Problem requirements: Produce the lines from the one containing "2 (150ML) Herbs" through the end of the material exactly as they appear, both ends included, and leave the pictures out.
++++ Information shown
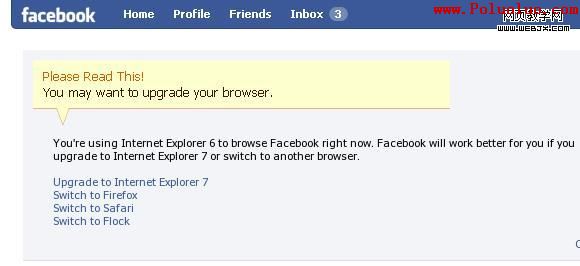 Facebook hate IE6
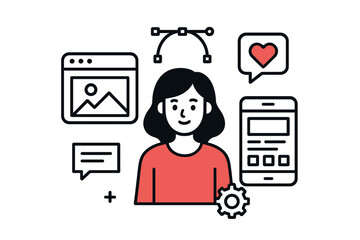 woman ui/ux designer creating mobile app and website interface. vector illustration of user experien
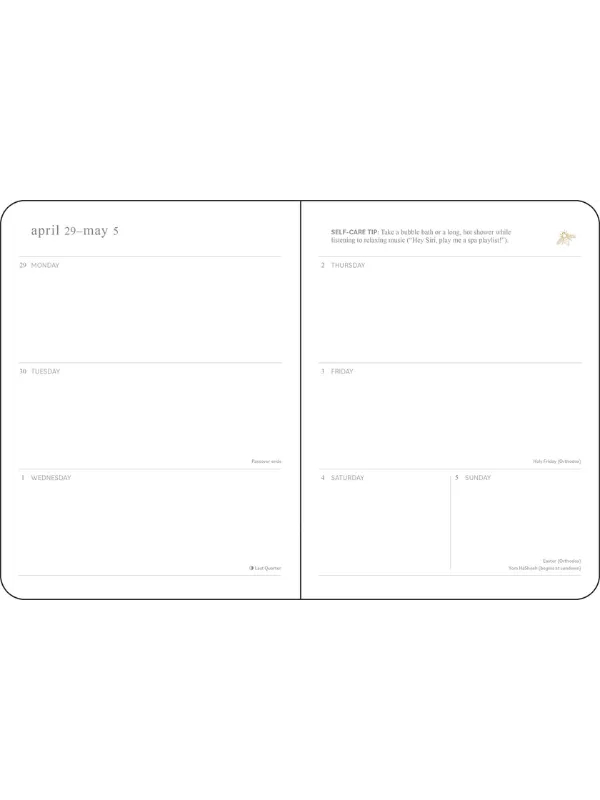 Milk and Honey 12-Month 2024 Monthly/Weekly Agenda Calendar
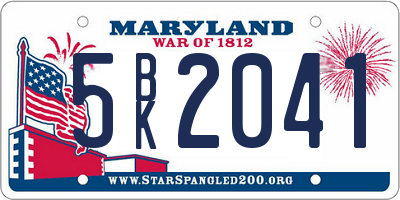 MD license plate 5BK2041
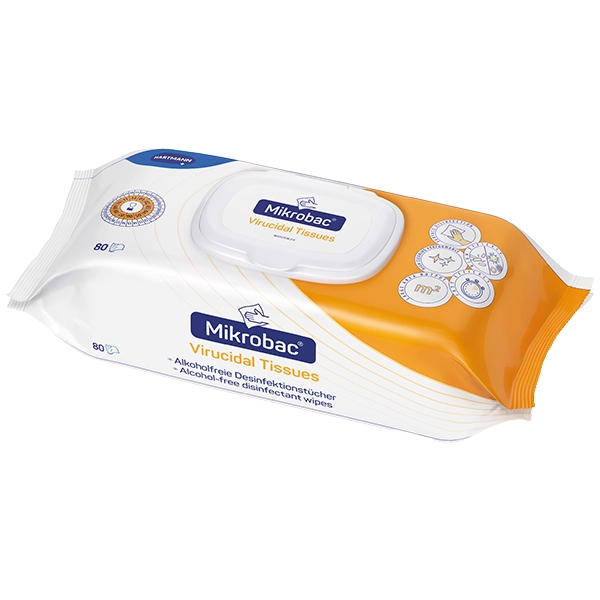 Mikrobac Virucidal Tissues - Flowpack mit 80 Tüchern 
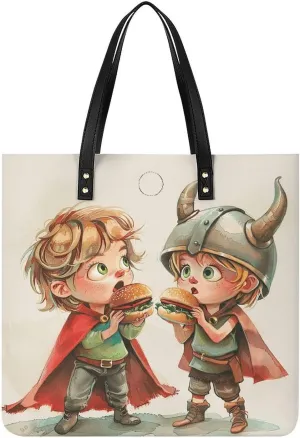 Two Cartoon Humans Tote Bag Durable Water-Resistant Handbags Lightweight Tote for Travel Work Book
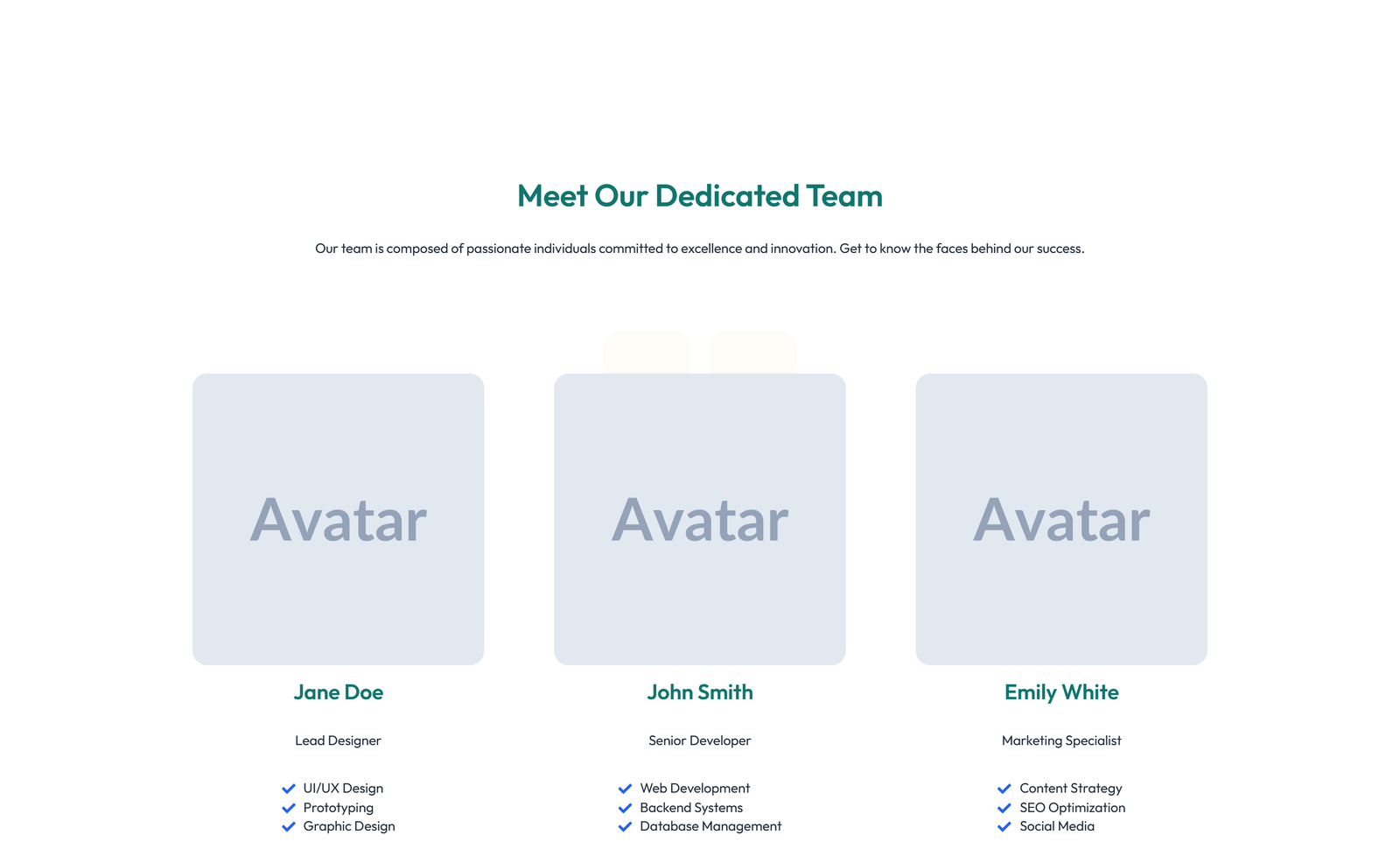 Team with 3-column Team Cards with Social 40 - Elementor component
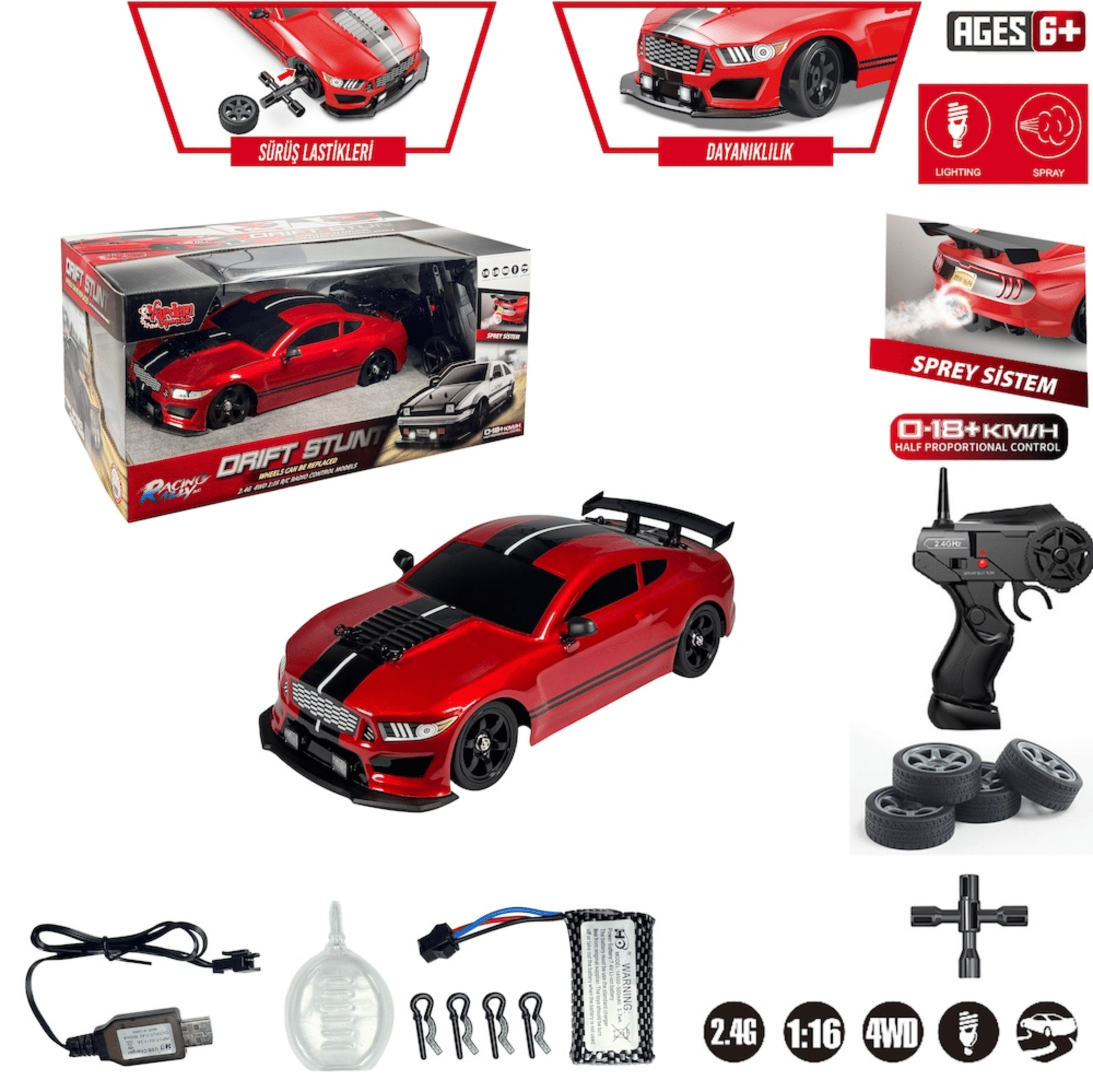 Vardem UK GT5 1:16 4x4 Drift Işıklı Buharlı Araba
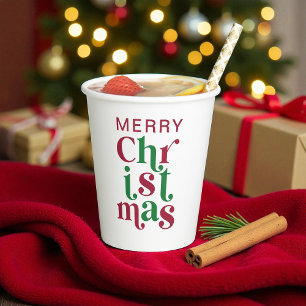 Fantasievolle Festliche Weihnachtstypografie Pappbecher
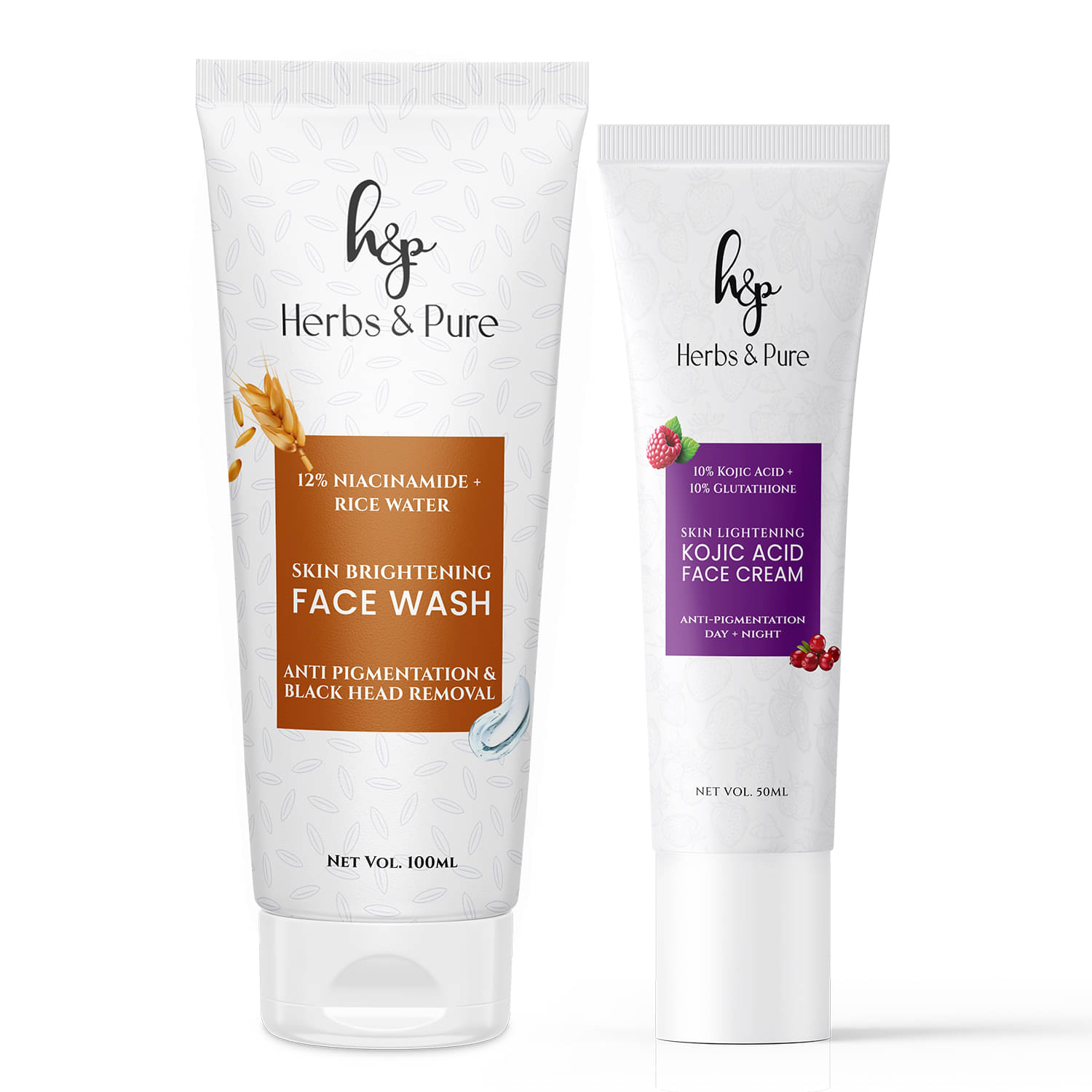 Herbs and Pure Daily Skincare Combo - Rice Water Face Wash & Kojic Face Cream (Pack of 1 of 2 (150ML) Herbs and Pure Daily Skincare Combo - Rice Water Face Wash & Kojic Face Cream (Pack of 1 of 2 (150ML)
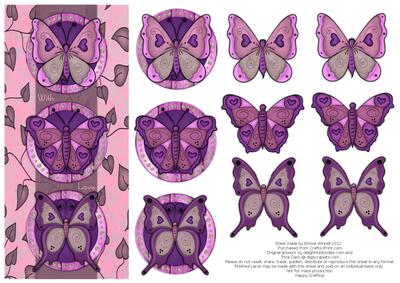 Beautiful Butterflies with Love Decoupage Card - Mauve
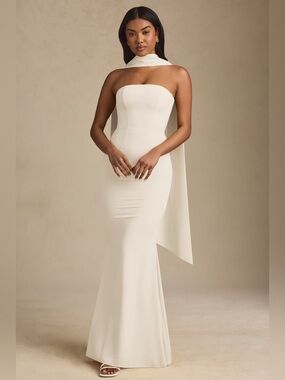 New Oh Polly Sz 8 mogene Scarf-Detail Strapless Gown in Ivory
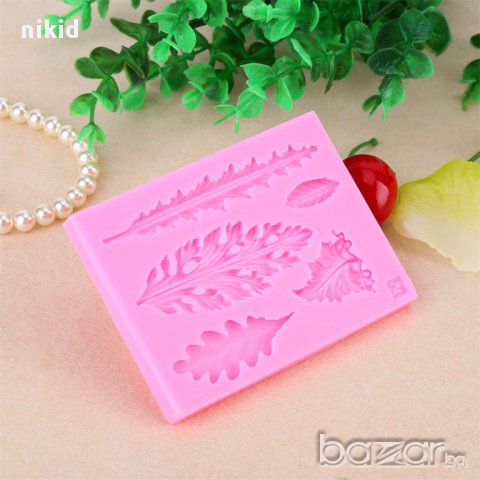 3D силиконова форма молд листа листенца украса декорация фондан шоколад торта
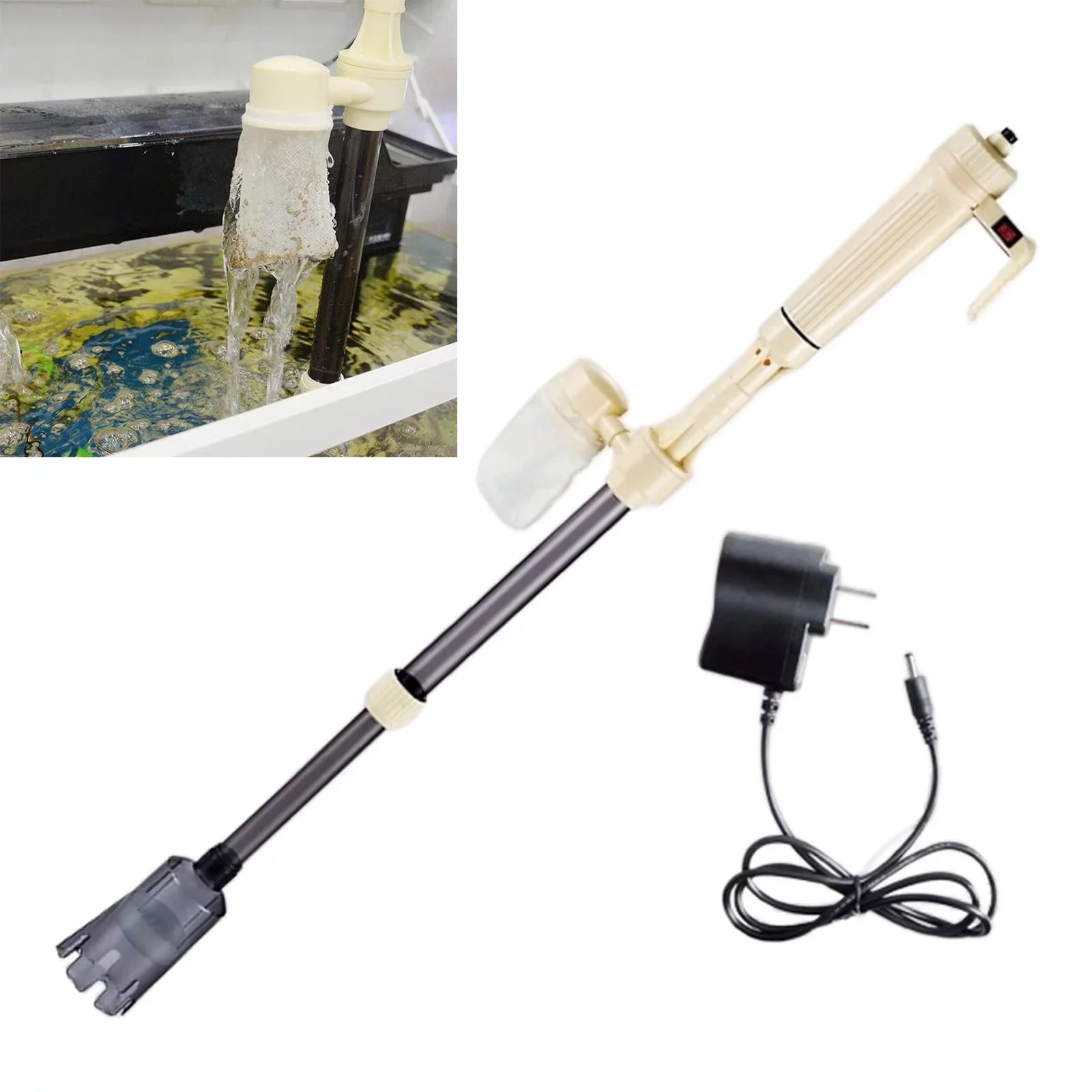 Automatic Gravel Cleaner, Electric Aquarium Cleaner Fluid Filter, Aquarium Vacuum Gravel Cleaner for Medium and Large Tanks
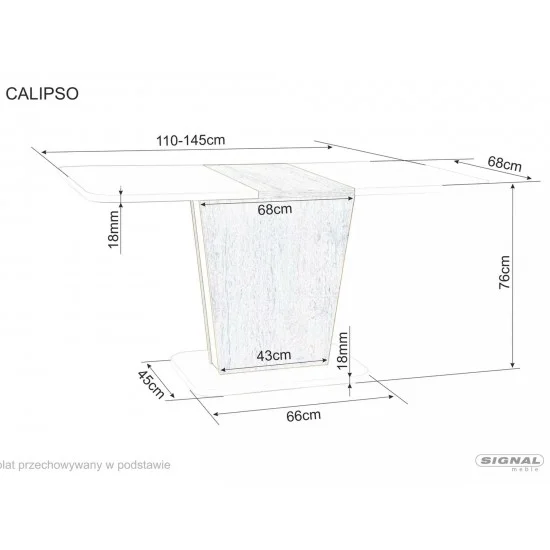 Стол обеденный раскладной Calipso 68X110 (145) Белый / Серый CALIPSOBMSZ110IN 7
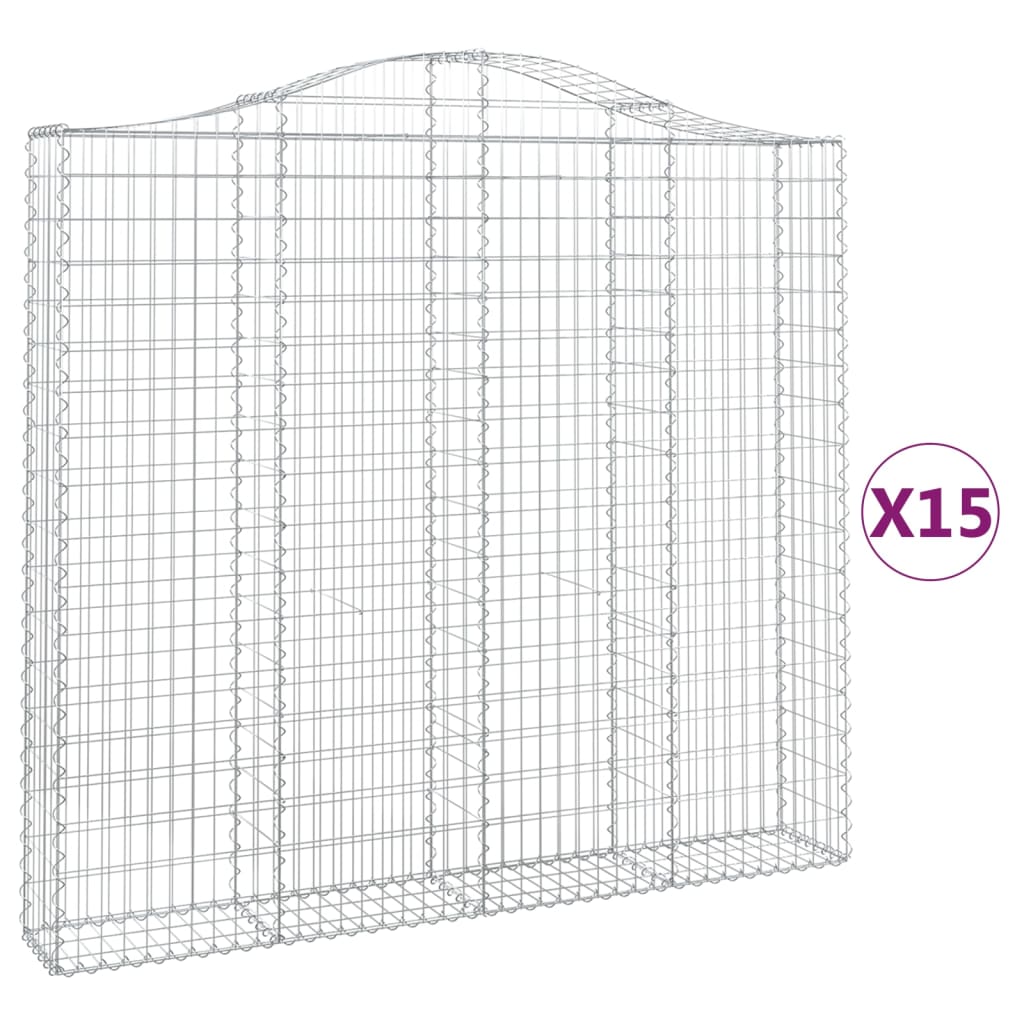 vidaXL Paniers à gabions arqués 15 pcs 200x30x180/200 cm Fer galvanisé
++++++++
Response:
 Herbs and Pure Daily Skincare Combo - Rice Water Face Wash & Kojic Face Cream (Pack of 1 of 2 (150ML) Herbs and Pure Daily Skincare Combo - Rice Water Face Wash & Kojic Face Cream (Pack of 1 of 2 (150ML)
 Beautiful Butterflies with Love Decoupage Card - Mauve
 New Oh Polly Sz 8 mogene Scarf-Detail Strapless Gown in Ivory
 3D силиконова форма молд листа листенца украса декорация фондан шоколад торта
 Automatic Gravel Cleaner, Electric Aquarium Cleaner Fluid Filter, Aquarium Vacuum Gravel Cleaner for Medium and Large Tanks
 Стол обеденный раскладной Calipso 68X110 (145) Белый / Серый CALIPSOBMSZ110IN 7
 vidaXL Paniers à gabions arqués 15 pcs 200x30x180/200 cm Fer galvanisé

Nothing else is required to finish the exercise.